# My ottos are trying to breed!



## hilikus16 (Nov 5, 2008)

I've owned ottos for years but i've never had any reproduce. Today I noticed the pair acting weird and after a little research i'm pretty sure they're trying to reproduce. They keep forming themselves in a 'T' like i've seen in other pictures (i managed to snap a semi-decent one of my own). Also, the female is quite larger than normal. Maybe i'll get lucky and have a successful breeding pair.


----------



## hilikus16 (Nov 5, 2008)

Here's some pics:


----------



## kimcadmus (Nov 23, 2008)

Great pics! Fascinating. Never have seen that. I will have to do some research myself.


----------



## hilikus16 (Nov 5, 2008)

Me neither- it scared me when i first saw it. I thought one of them was trying to suffocate and kill the other...ha.


----------



## MagpieTear (Jan 25, 2009)

hilikus16 said:


> Me neither- it scared me when i first saw it. I thought one of them was trying to suffocate and kill the other...ha.


Please don't confuse marriage with mating...


----------



## hilikus16 (Nov 5, 2008)

MagpieTear said:


> Please don't confuse marriage with mating...


bahaha quote of the day!


----------



## Pinto (Mar 22, 2008)

WOw very Fascinating pics!

Nice one MagpieTear!


----------



## Fabac (Jul 2, 2006)

wish you luck!


----------



## max23 (Mar 13, 2008)

Do that breed like Cory? I used to see my panda cory doing that and a few minutes later you will see the eggs on the female's plec fin


----------



## hilikus16 (Nov 5, 2008)

From what i've read they breed very similarly to corys


----------



## max23 (Mar 13, 2008)

if they breed like corys, then they are breeding right now. Do you see any egg on the glass or leaf of a plant?


----------



## hilikus16 (Nov 5, 2008)

Ya i've seen 3 total so far. I'm assuming they hatched or got swept away by the current.
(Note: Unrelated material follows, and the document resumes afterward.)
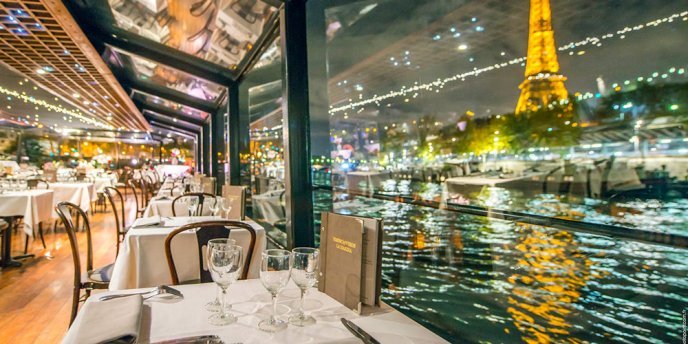 Interior of a Paris Seine dinner cruise boat at night with a view of the illuminated Eiffel Tower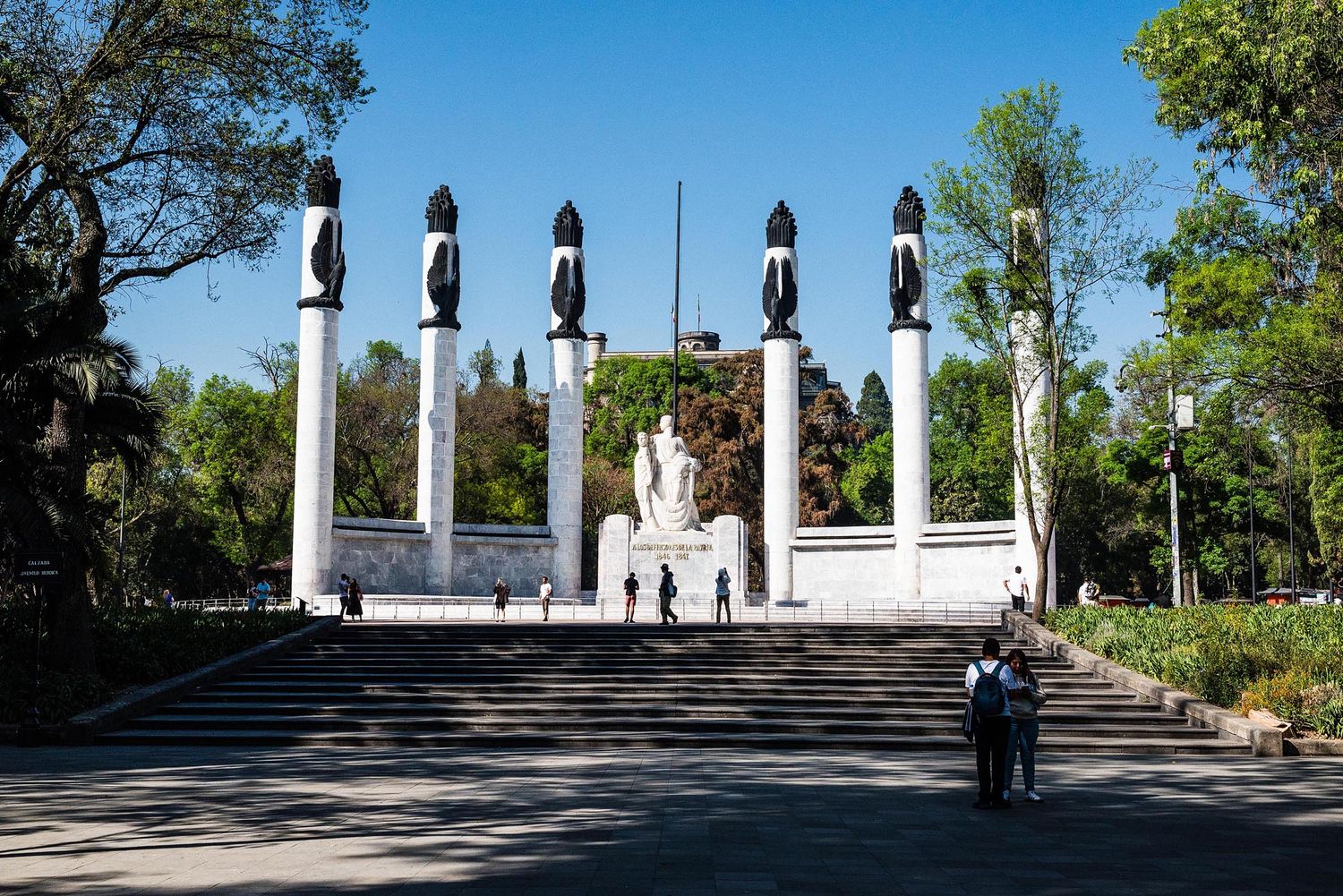 A panoramic view of the Heroes Monument in Mexico City featuring white pillars and black sculptures against a blue sky.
I guess i'll cross my fingers and give it a few weeks.


----------



## max23 (Mar 13, 2008)

Next time you should try try taking it out and put it in a breeder net. That way you can see them grow and easier to feed them.


----------



## hilikus16 (Nov 5, 2008)

I was looking in my tank today and noticed a tiny otto fry. He's about 1/8" long. I have my fingers crossed that he makes it.


----------



## kimcadmus (Nov 23, 2008)

Congrats! That is really exciting. I will keep my fingers crossed for them. They really are great fish.


----------



## hilikus16 (Nov 5, 2008)

My ottos have been at it AGAIN. I woke up this morning to ~15 more eggs. I haven't spotted the fry since 2 days ago but I'm hoping he's just hiding well.


----------